He is the greatest but Tendulkar is human after all
"England have to remember Tendulkar is only human. He makes mistakes. They must also forget the verbals. Let the ball do the talking instead. It is what he has done with his bat for 20 years," Vaughan wrote in the `Daily Telegraph`.
Heaping praise on Tendulkar, who is just one short of a 100th international ton, Vaughan said the veteran right-hander will be key to India`s chances in the series starting July 21.
Vaughan also marvelled at Tendulkar`s over two-decade long career and said the Indian has been improving with every passing year.
"To think he is still on the circuit, playing better than ever and is on the verge of a 100th international century is a phenomenal achievement. People ask why he is so good and what sets him apart from the rest?
"I played in an era of great batsmen but Tendulkar is top of the list simply because of the pressure and weight of expectation he has coped with," he said.

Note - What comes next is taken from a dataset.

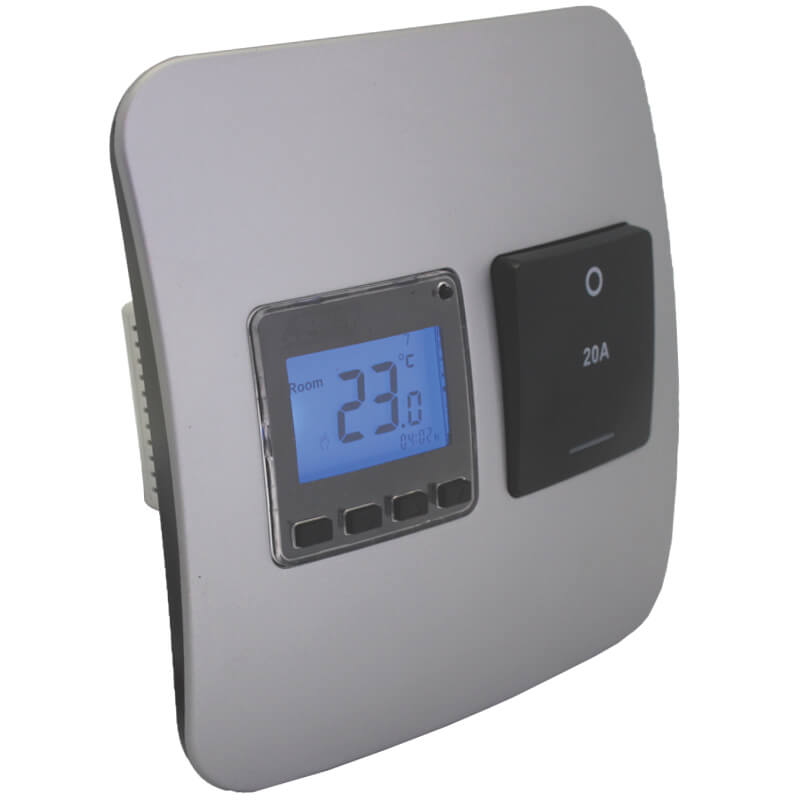 Digital Thermostat with Isolator Switch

"He is more famous in India than their prime minister or president and has had to deal with the kind of pressure that status brings whenever he walks to the crease. When he arrives at the wicket everything is perfect. His technique is great," Vaughan added.
"There have been various theories about batting over the last decade or so with buzz words such as trigger movements and forward presses. Tendulkar just stands still. He is dead side on. If you sat down with a pen and paper to draw the perfect batsman, you would sketch out Tendulkar`s profile."
But Vaughan did point out that Tendulkar is most vulnerable while starting out his innings.
"Like all batsmen, he is at his most vulnerable early in the innings to the fuller delivery nipping back. A ball pitching on off stump and coming back through the gate will cause him problems," he said.
"I have seen him driving through balls early on and be bowled or lbw on a number of occasions. England could also undermine him with bounce, which is why (Chris) Tremlett will be key," he added.